Exercise goal: Your reply should reproduce the data below without a single alteration, apart from dropping the images.

==== Extracted information

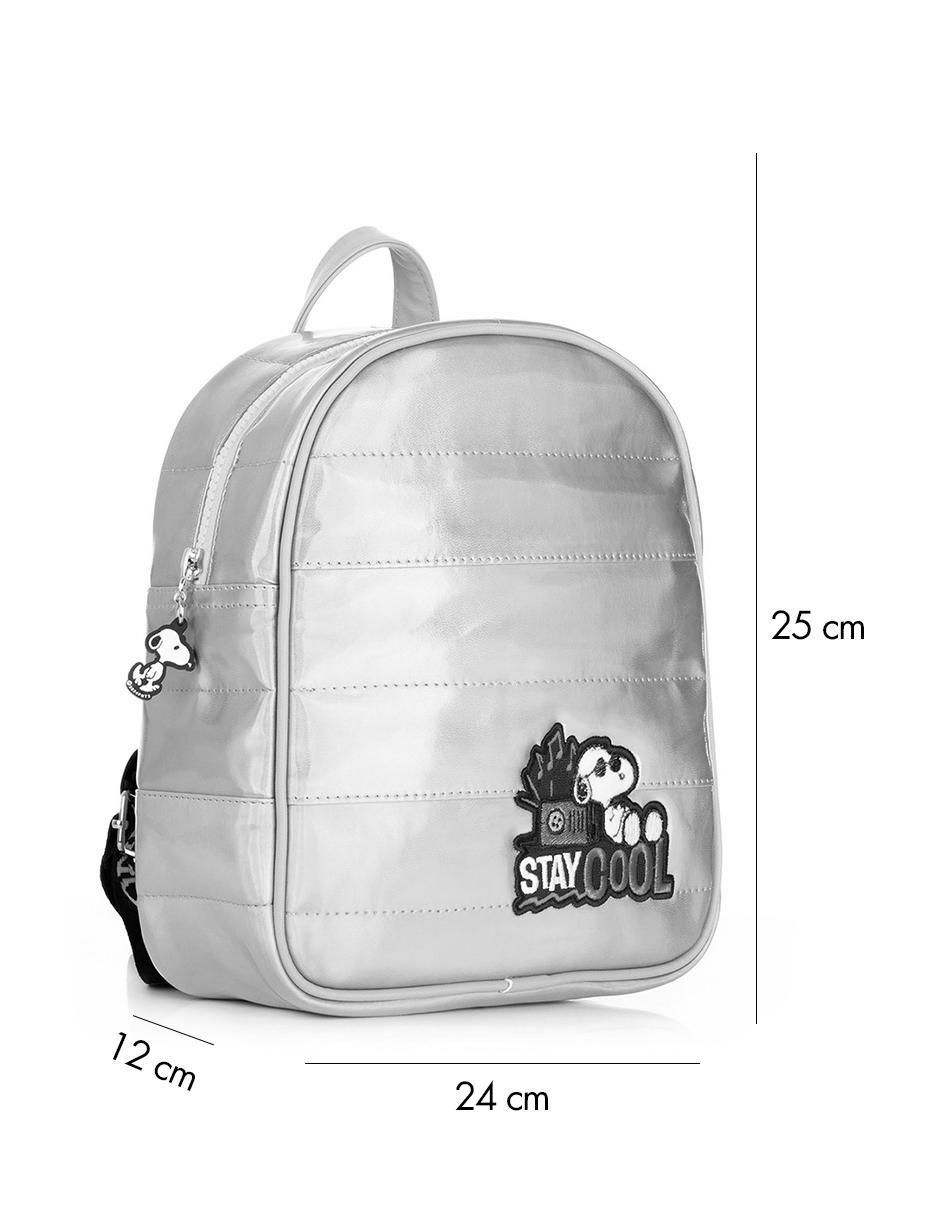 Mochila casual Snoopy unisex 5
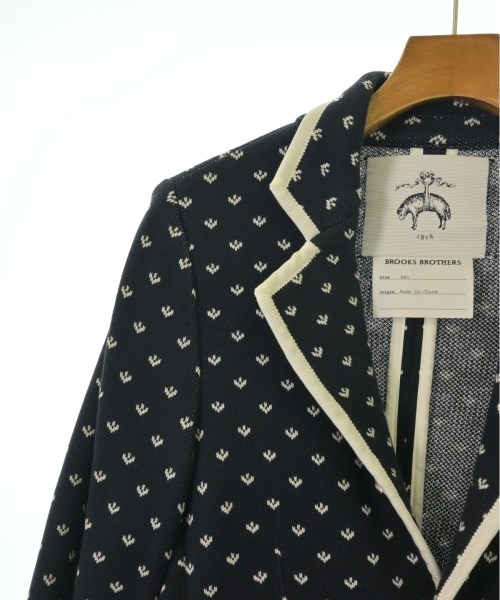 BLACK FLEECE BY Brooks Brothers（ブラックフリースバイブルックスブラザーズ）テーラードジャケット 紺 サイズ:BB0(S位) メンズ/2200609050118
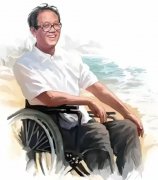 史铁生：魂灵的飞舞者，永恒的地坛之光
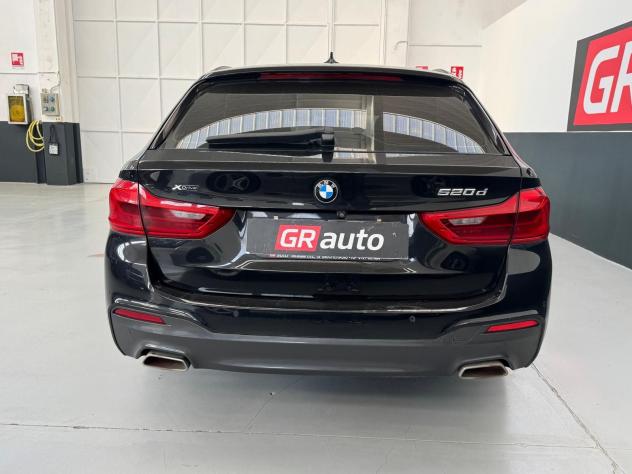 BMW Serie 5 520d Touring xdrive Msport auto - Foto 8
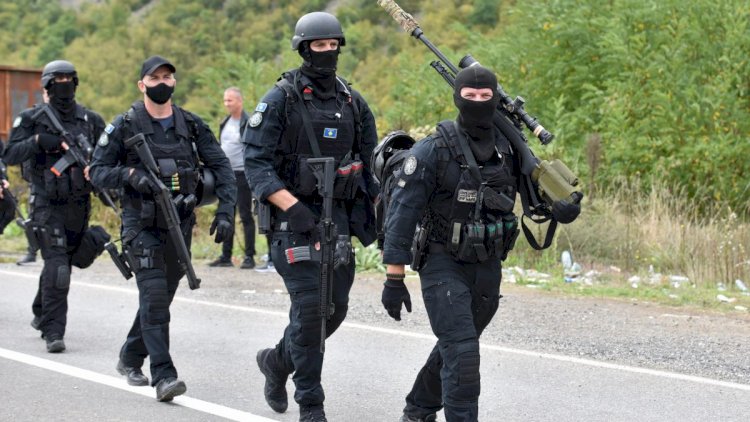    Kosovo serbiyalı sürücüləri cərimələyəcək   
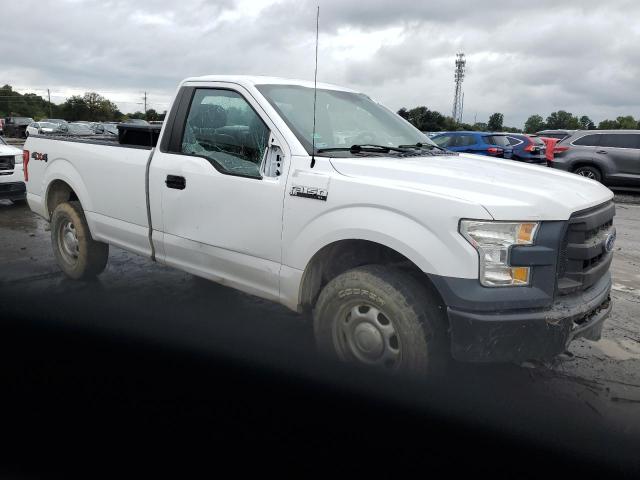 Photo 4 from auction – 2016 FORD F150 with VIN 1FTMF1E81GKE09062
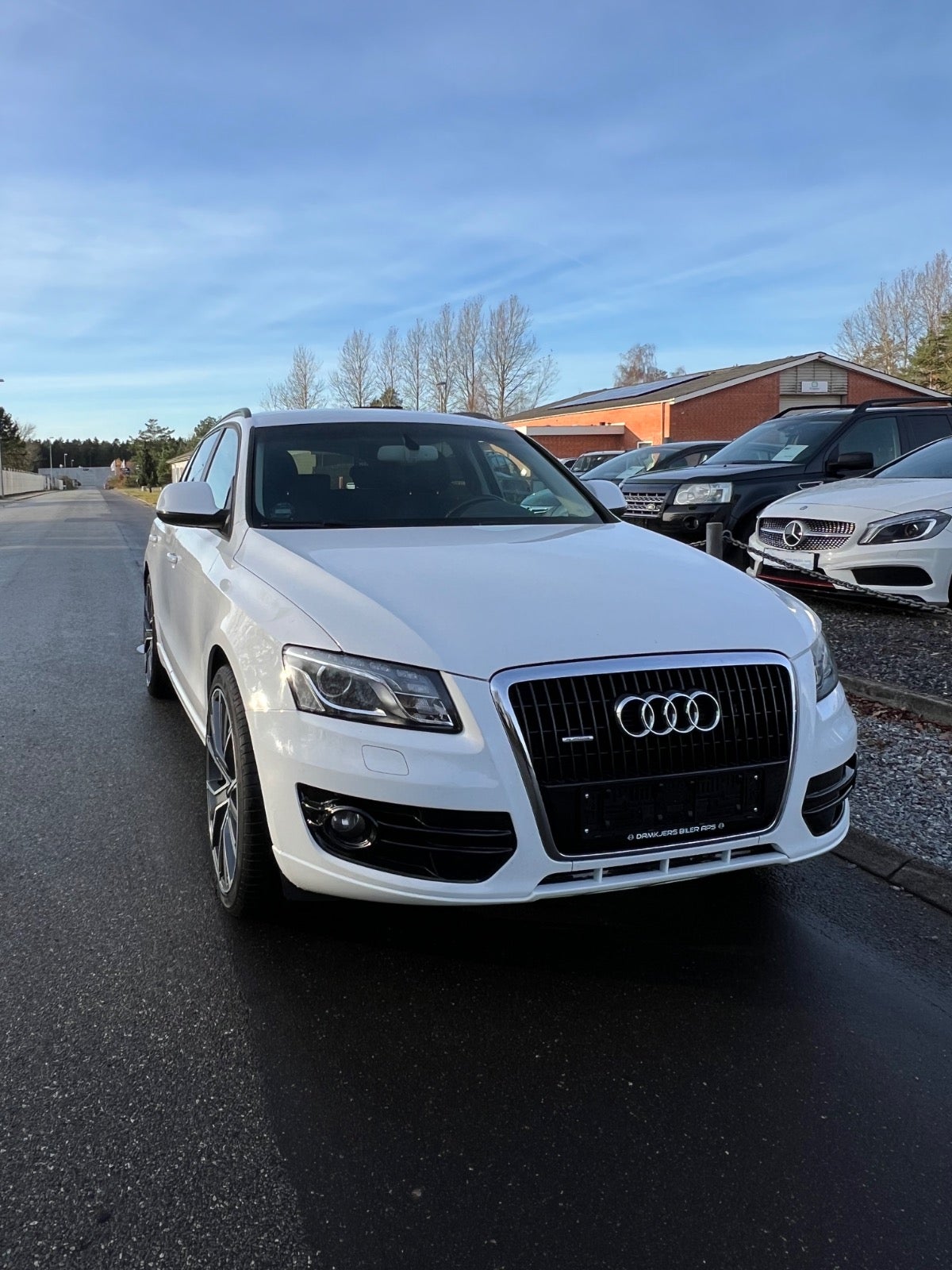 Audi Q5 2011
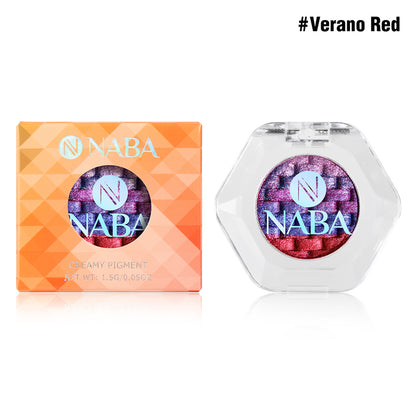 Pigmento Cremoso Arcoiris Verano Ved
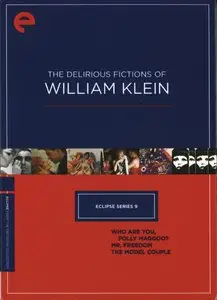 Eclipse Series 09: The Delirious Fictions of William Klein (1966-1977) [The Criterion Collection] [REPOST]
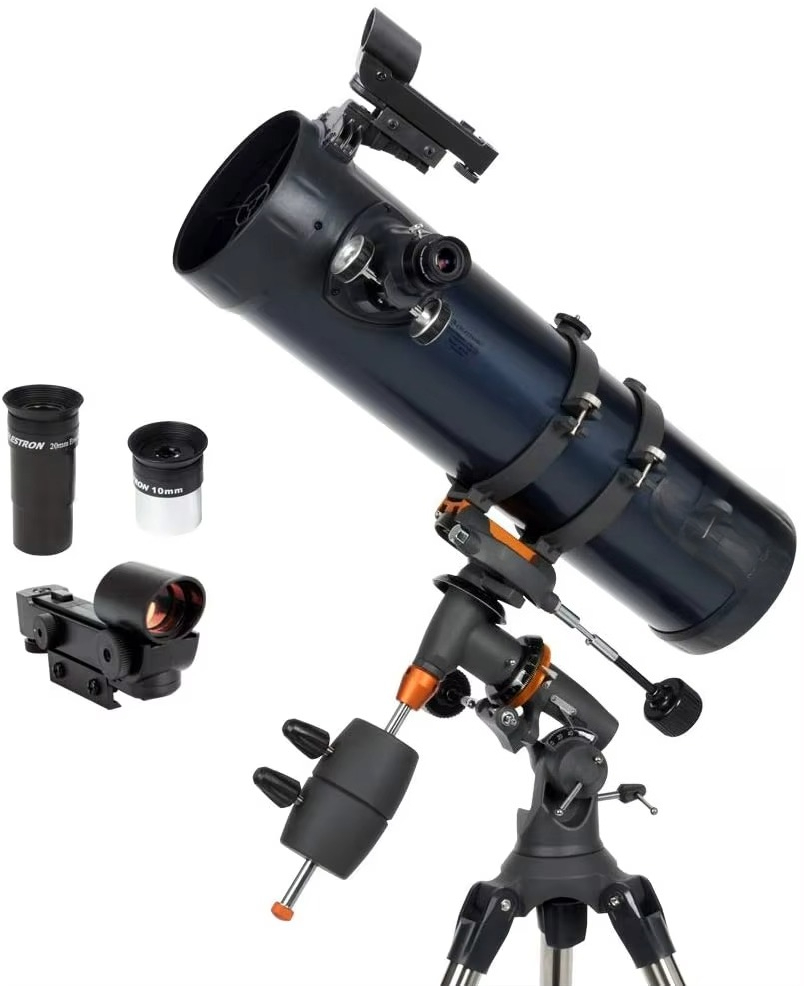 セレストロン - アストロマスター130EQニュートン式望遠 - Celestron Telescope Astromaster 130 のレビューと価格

========

Output for this task:
 Mochila casual Snoopy unisex 5
 BLACK FLEECE BY Brooks Brothers（ブラックフリースバイブルックスブラザーズ）テーラードジャケット 紺 サイズ:BB0(S位) メンズ/2200609050118
 史铁生：魂灵的飞舞者，永恒的地坛之光
 BMW Serie 5 520d Touring xdrive Msport auto - Foto 8
    Kosovo serbiyalı sürücüləri cərimələyəcək   
 Photo 4 from auction – 2016 FORD F150 with VIN 1FTMF1E81GKE09062
 Audi Q5 2011
 Pigmento Cremoso Arcoiris Verano Ved
 Eclipse Series 09: The Delirious Fictions of William Klein (1966-1977) [The Criterion Collection] [REPOST]
 セレストロン - アストロマスター130EQニュートン式望遠 - Celestron Telescope Astromaster 130 のレビューと価格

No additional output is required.